WHAT YOU HAVE TO DO :: An exact copy of the entries, with every picture omitted, is what is needed here.

** Opening DATA TO USE block **

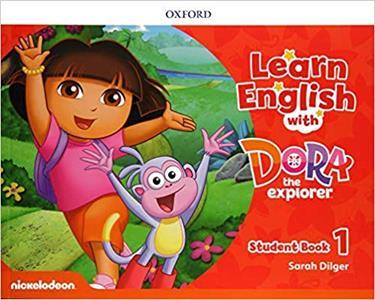 LEARN ENGLISH WITH DORA THE EXPLORER 1 ST/BK
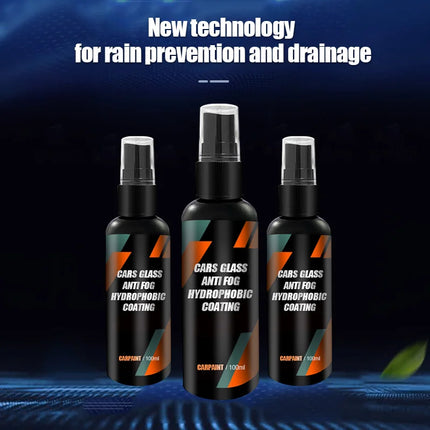 Car Glass Anti-rain Water Spray Repellent Nano Coating Hydrophobic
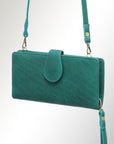 American Darling Wristlet Bag, Hand-Painted Genuine Leather, Western Vegetable Tanned Full Grain Leather Wallet Bag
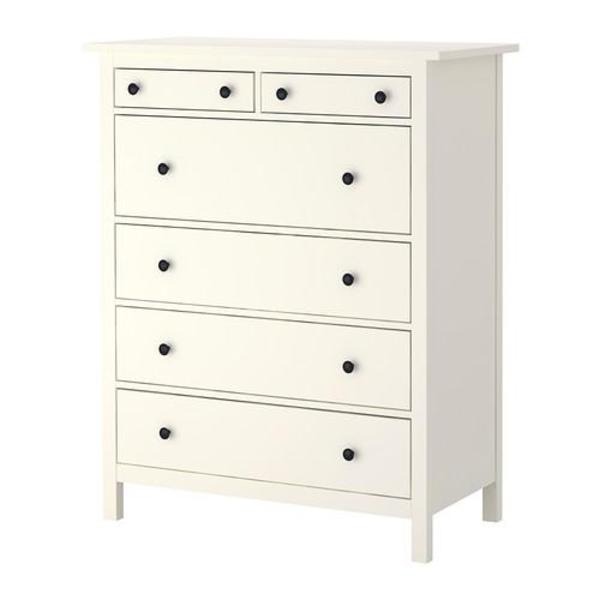 IKEA HEMNES 6-Drawer Chest | Drawer Interlock Traditional Style Cabinets |  Ohouse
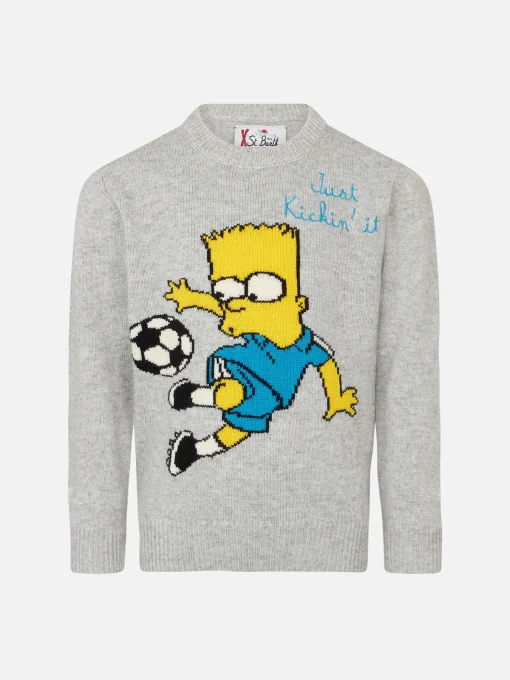 Maglia da bambino girocollo con stampa Bart Simpson | THE SIMPSON SPECIAL EDITION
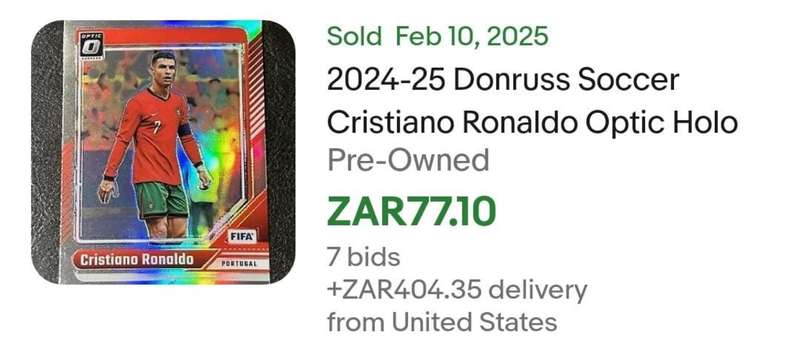 Cristiano Ronaldo REFRACTOR Donruss NEW Premium 2024-2025 Soccer trading card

** Closing DATA TO USE block **

RESULT OF THE EXERCISE ::
 LEARN ENGLISH WITH DORA THE EXPLORER 1 ST/BK
 Car Glass Anti-rain Water Spray Repellent Nano Coating Hydrophobic
 American Darling Wristlet Bag, Hand-Painted Genuine Leather, Western Vegetable Tanned Full Grain Leather Wallet Bag
 IKEA HEMNES 6-Drawer Chest | Drawer Interlock Traditional Style Cabinets |  Ohouse
 Maglia da bambino girocollo con stampa Bart Simpson | THE SIMPSON SPECIAL EDITION
 Cristiano Ronaldo REFRACTOR Donruss NEW Premium 2024-2025 Soccer trading card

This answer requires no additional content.